Elaborating on his inspiration, Chakraborty said, “I had only one objective behind writing Sutradhar. Can I write something that has such a strong emotional core that it would make the reader endorse an Indic world view that would appear radical in the context of the existing left-lib zeitgeist? I strongly believe that the Indian audience is craving for world class entertainment that universalizes essential Indic values as something lofty and aspirational.”
Chakraborty states that quite too often Indian audience is subjected to a worldview that is by design antithetical to the idea of our Indic roots. On choosing historical fiction as a genre, Chakraborty said, “History gives us perspective to understand our present and plan our future, and fiction because I believe in the power of mass culture to disseminate ideas at a grassroots level. I do not aim for a retelling of history, rather I am interested in spreading certain ideas using the canvas of the past that should hopefully nudge the reader to look at the world around him/her through a fresh lens.”
Chakraborty took almost a decade to write Sutradhar. “Writing this book has been a long journey full of painful self doubt and lengthy bouts of inactivity interspersed in between. Yet, it has been one of the most memorable experiences of my life,” he says. Last year, he finally took a break from his full-time corporate job to focus on writing before going back into corporate world. “I must thank Hari Kiran Sir and the Indic Academy who has given me such incredible support, and without whom this publication would not have been possible. A great reward for me is coming in contact with the brilliant minds who are a part of the Indic Academy, and experience first hand the intellectual heft that is serving the Indic cause,” Chakraborty says.
About Sutradhar by Ratul Chakraborty
Sutradhar is a collection of stories set across the arc of Indian history. Each of these tales is a dramatized reinterpretation of events, myths and legends associated with individual time periods. The stories are written from an authentic emic perspective, exploring various worldviews, sociological schema and philosophical approaches within the context of the narrative. The seven accounts that form the collection span multiple genres, from historical fantasy to cosmic horror, and are often tinged with dark, sometimes absurdist undertones.

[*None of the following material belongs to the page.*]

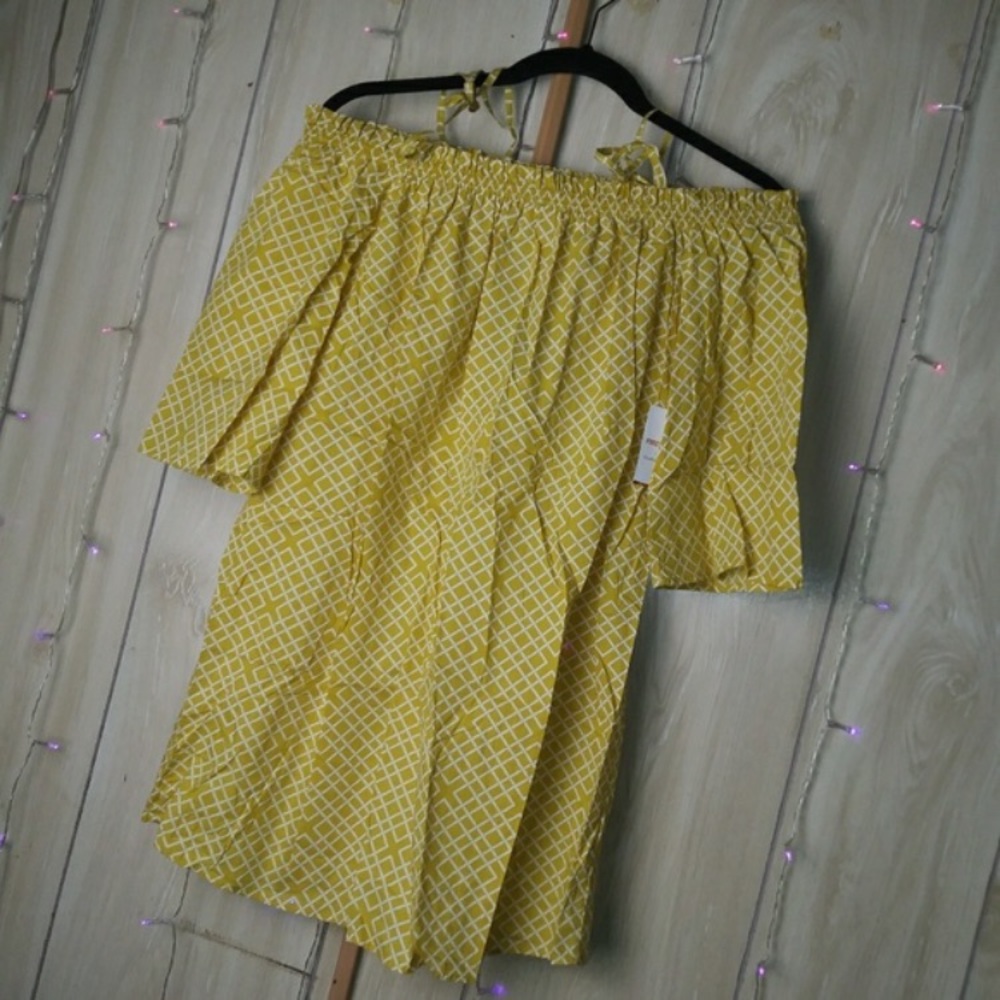 Forever21 Off the Shoulder Dress | NWT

Newton’s First, set in the Sarasvati Civilization time period, deals with issues like the impact of loss of faith and civilizational responses to habitat changes. The second story, The Law, is about a faceoff between Alexander and Chanakya, and deals with topics like MatsyaNyaya and the price of power. In The Lament we meet an old Ashoka, and accompany him on his last journey. The longest story of the collection is A Mirror for the Ants, a story that starts out with an Asterix trope but in which a rabid Aurangzeb gets a payback in a manner that can only be called Indic-Cosmic-Horror. A One Penny Tune is a story set in the devastated rural Bengal during the Great Famine, and primarily deals with the question of arrival of modernity. The shortest story in the collection is The Offering, which is set in the British era, and is all about the power of seeking refuge in faith. The final story, The Path of a Coward plays out in the violent hellscape of the partition era, and is a personal exploration of responses to Jihad.